--- Data to examine Enclosed Below ---

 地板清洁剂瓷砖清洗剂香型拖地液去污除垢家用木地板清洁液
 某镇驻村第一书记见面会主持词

--- End of Enclosed Data to examine ---
--- Data to examine Enclosed Below ---

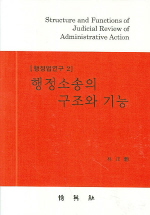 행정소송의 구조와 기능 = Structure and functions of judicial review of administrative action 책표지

--- End of Enclosed Data to examine ---
--- Data to examine Enclosed Below ---

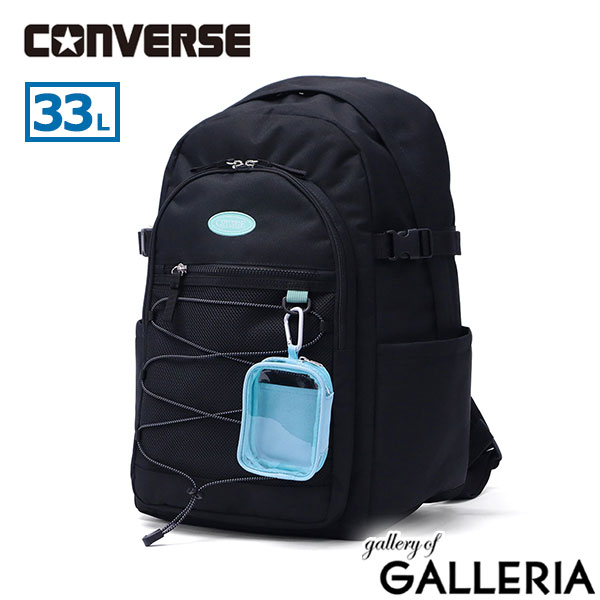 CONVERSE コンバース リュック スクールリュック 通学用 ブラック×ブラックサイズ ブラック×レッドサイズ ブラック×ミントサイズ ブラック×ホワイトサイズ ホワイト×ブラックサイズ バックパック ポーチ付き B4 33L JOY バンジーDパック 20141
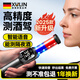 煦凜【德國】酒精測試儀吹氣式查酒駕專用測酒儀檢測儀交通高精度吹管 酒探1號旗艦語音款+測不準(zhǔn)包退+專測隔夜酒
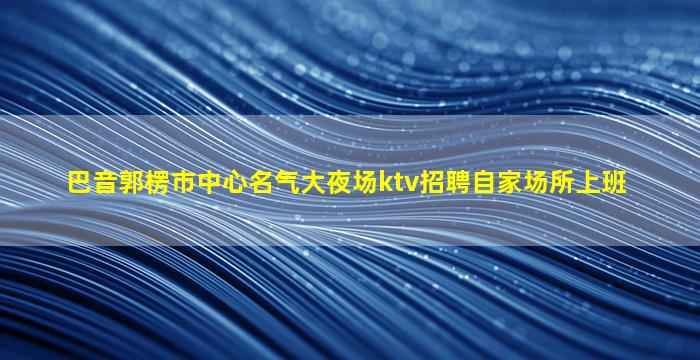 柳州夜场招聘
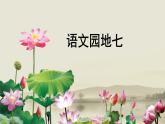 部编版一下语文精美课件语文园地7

--- End of Enclosed Data to examine ---

Exercise details:
Out of the data above, transcribe exactly and only the lines starting with the line that has "地板清洁剂瓷砖清洗剂香型拖地液去污除垢家用木地板清洁液" and going on through the line that has "某镇驻村第一书记见面会主持词", both included.

Solution to this task:
 地板清洁剂瓷砖清洗剂香型拖地液去污除垢家用木地板清洁液
 某镇驻村第一书记见面会主持词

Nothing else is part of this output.